A compressed integer vector using variable-length encoding with fast random access.

This module provides VarVec, a data structure for storing sequences of integers in a compressed format while retaining efficient random access. It is well-suited for datasets where integer values are non-uniformly distributed, as it uses instantaneous variable-length codes to represent smaller numbers with fewer bits.

§Core Concepts

§Variable-Length Encoding

Unlike FixedVec, which uses a fixed number of bits for every integer, VarVec employs instantaneous codes (such as Gamma, Delta, or Rice codes) provided by the dsi-bitstream crate. This approach allows each integer to be encoded with a variable number of bits, typically using shorter codes for smaller or more frequent values. This can lead to significant space savings, especially for data with many small numbers.

Signed integers (e.g., i8, i32) are supported transparently through zig-zag encoding, which maps small negative and positive integers to small unsigned integers.

§Random Access and Sampling

A key challenge with variable-length codes is that the location of the i-th element cannot be calculated directly. To solve this, VarVec implements a sampling mechanism. It stores the bit position of every k-th element in a separate, auxiliary FixedVec. This parameter, k, is the sampling rate.

To access an element at index, VarVec:

  1. Finds the nearest sample by calculating index / k.
  2. Retrieves the bit offset of the start of that sampled block.
  3. Jumps to that offset in the compressed data stream.
  4. Sequentially decodes the remaining index % k elements to reach the target.

This strategy provides amortized O(1) random access, as the number of sequential decoding steps is bounded by k.

§The k Trade-off

The choice of the sampling rate k involves a trade-off:

  • Smaller k: Faster random access (fewer elements to decode per access) but higher memory usage due to a larger samples table.
  • Larger k: Slower random access but better compression, as the samples table is smaller.

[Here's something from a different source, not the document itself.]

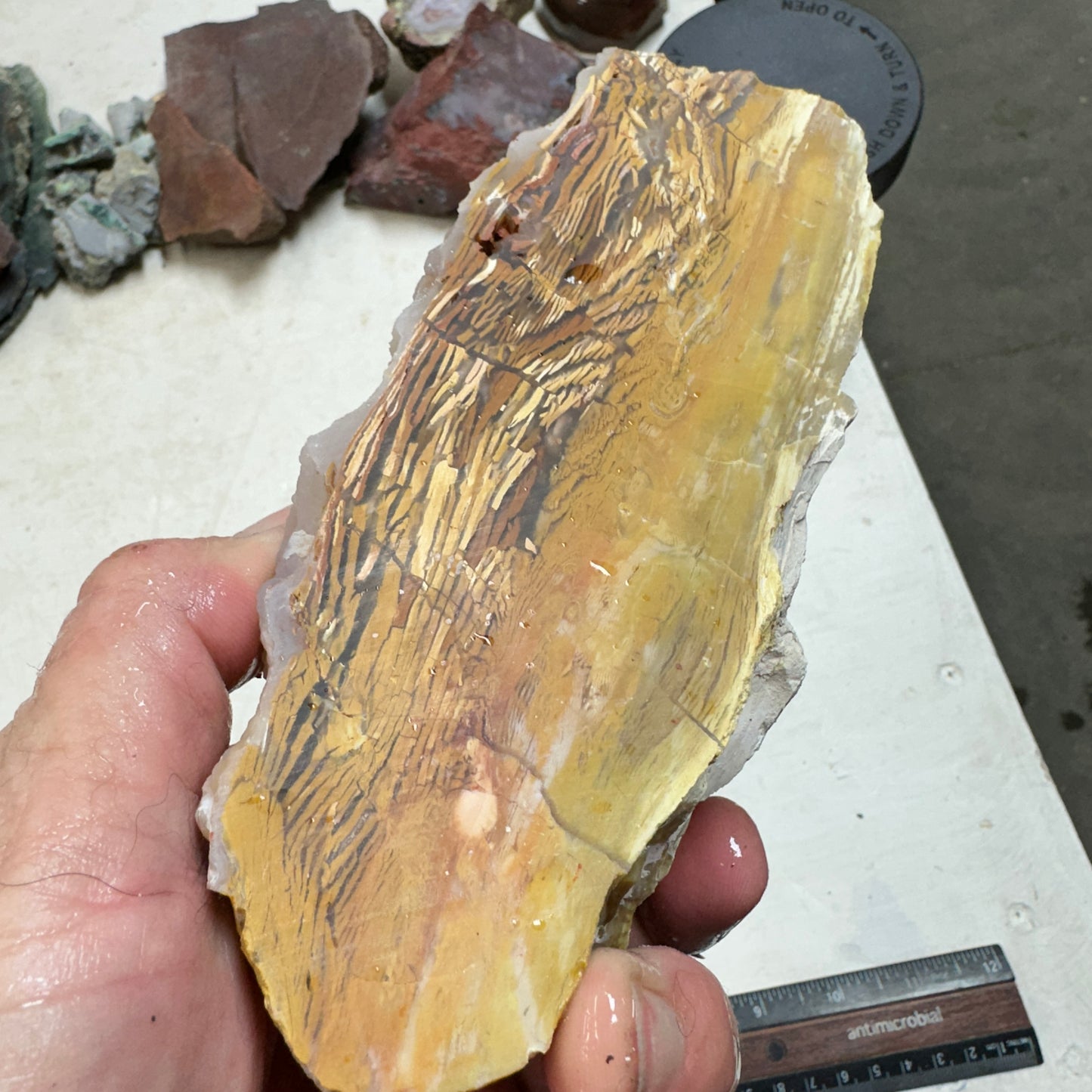 GOLDEN HOWARDITE Faced Rough - 2.58 Pounds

The optimal k depends on the specific access patterns of an application.

§Design and Immutability

VarVec is immutable after creation. Unlike FixedVec, it does not provide methods for in-place modification (e.g., set, push).

If a value in the middle of the compressed bitstream were changed, its new encoded length might be different. For example, changing 5 (which might be 4 bits) to 5000 (which might be 16 bits) would require shifting all subsequent data, invalidating every sample point that follows. The cost of such an operation would be prohibitive, scaling with the length of the vector.

For this reason, VarVec is designed as a write-once, read-many data structure.

§Access Strategies and Readers

VarVec provides multiple interfaces for accessing data, each optimized for a different pattern of use.

  • get(): For single, infrequent lookups. Each call creates and discards an internal reader, which incurs overhead if used in a loop.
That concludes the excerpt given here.